- The Washington Times - Wednesday, April 10, 2002

AUGUSTA, Ga. As the 66th Masters nears, the talk is less about the top players than about the topography that is, the dramatic redesign the course has undergone. Holes have been lengthened, bunkers widened, tees moved, trees planted all with the aim of making Augusta National a less hospitable place to play.
Reaction to the changes has been mixed. Short-knocker Scott Hoch, for instance, looks like his dog just died. (To Hoch, who hasn't broken 70 here since the second round in '97, the course was already plenty tough.) Big-knocker John Daly, on the other hand, approves of the modifications. "Longer is always better for me," he says.
David Duval is taking the unusual step of replacing the 2-iron in his bag with a 7-wood a club generally used to kill spiders but one that "could come in very handy," he says, at the New Augusta, especially on the longer and scarier approach shot over the creek at 13. And everybody agrees that Tiger Woods' record-low score of 18 under won't be challenged now or in the foreseeable future (though Sam Snead's and Jack Burke's record-high of 1over might).
This is what makes golf unique among our games. In golf, the playing field is constantly changing; the course is a living thing. Think about it. In other sports, the playing field is almost never tampered with. Aside from a pitcher's mound that's five inches lower, the baseball diamond is the same as it was in Ty Cobb's day. The NBA has widened the foul lane twice, the last time in 1964, but that's about the only thing the league has done to alter the dimensions of the court. As for the NFL, the field is still 100 yards long and 53 yards wide, the end zones still 10 yards deep.
And it's not as if there hasn't been discussion from time to time in these sports in hockey, too about raising the rim or increasing the size of the playing field to give ever-bigger, ever-faster athletes more room to maneuver. During the recent Winter Olympics, the hockey games were so exciting and free-flowing that fans once again wondered why the NHL doesn't play on the larger international surface.
Most sports tend to deal with such issues by fiddling with the rules rather than the playing field. Why? Economics, for one; increasing the size of the field would mean eliminating some seats. And so instead of a wider field in the NFL, we have defensive backs limited to one bump on a receiver. Instead of a larger ice surface in hockey, we have a few more penalties handed out for clutching and grabbing. And you can forget about the NBA ever raising the rims until everybody in the league is as tall as Shaquille O'Neal. Fewer dunks, after all, might cut into the league's airtime on SportsCenter.
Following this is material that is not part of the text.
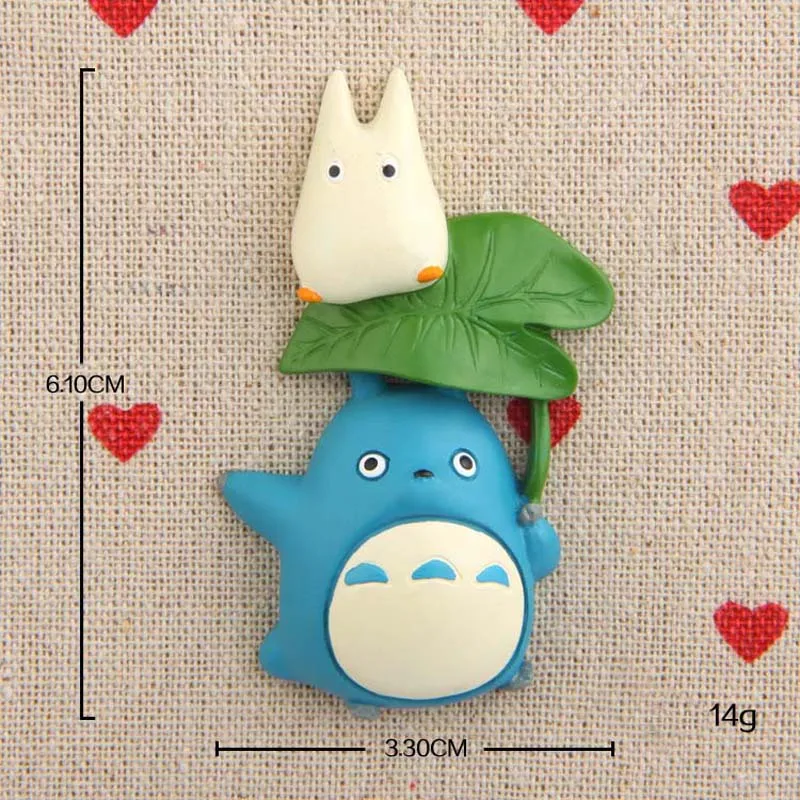 HTB1kDUWRxjaK1RjSZKzq6xVwXXaW.jpg?width=800&height=800&hash=1600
Baseball is actually going the other way. Baseball is building smaller stadiums so that "sluggers" like Brady Anderson can hit 50 home runs. Instead of trying to restore the credibility of the homer like the Masters is trying to restore the credibility of the birdie baseball is giving away bobble-head dolls and cutting fancy designs into the infield and outfield grass. (It's amazing, really, that it continues to hold the line against metal bats.)
Not every golf tournament fights the forces of technology the way Augusta does, of course. The Phoenix Open, to name one, seems perfectly content with having Mark Calcavecchia shoot 28 under. But in events of greater import, like the Masters or the U.S. Open, courses will go to great lengths literally to provide players with the proverbial True Test. Southern Hills, you may recall, subjected contestants to the first 600-yard hole in Open history last year (the 642-yard fifth). Six hundred and forty-two yards? Heck, I've played front nines that were shorter than that.
The greencoats at the Masters, though, have been particularly vigilant. This is one of the game's holy places, and the scores here are supposed to mean something. And really, the course changes on display this week are just the latest in a long line of tweakings. Did you know, for example, that the famous pond that fronts the 16th green used to be a far less daunting stream? You also might want to catch the highlight film of the '66 Masters on the Golf Channel sometime. In the final scene, you'll see Jack Nicklaus triumphantly striding up a 18th fairway that's totally devoid of bunkers. (They weren't put in until '67.)
But while Augusta has deviated quite a bit from Bobby Jones' original vision, the spirit is the same. The course is meant to challenge the best golfers in the world; it isn't meant to be Coors Field. And if you aren't on top of your game, you're going to be at the Delta ticket counter soon enough, looking to book an earlier flight out. Hurrah for that.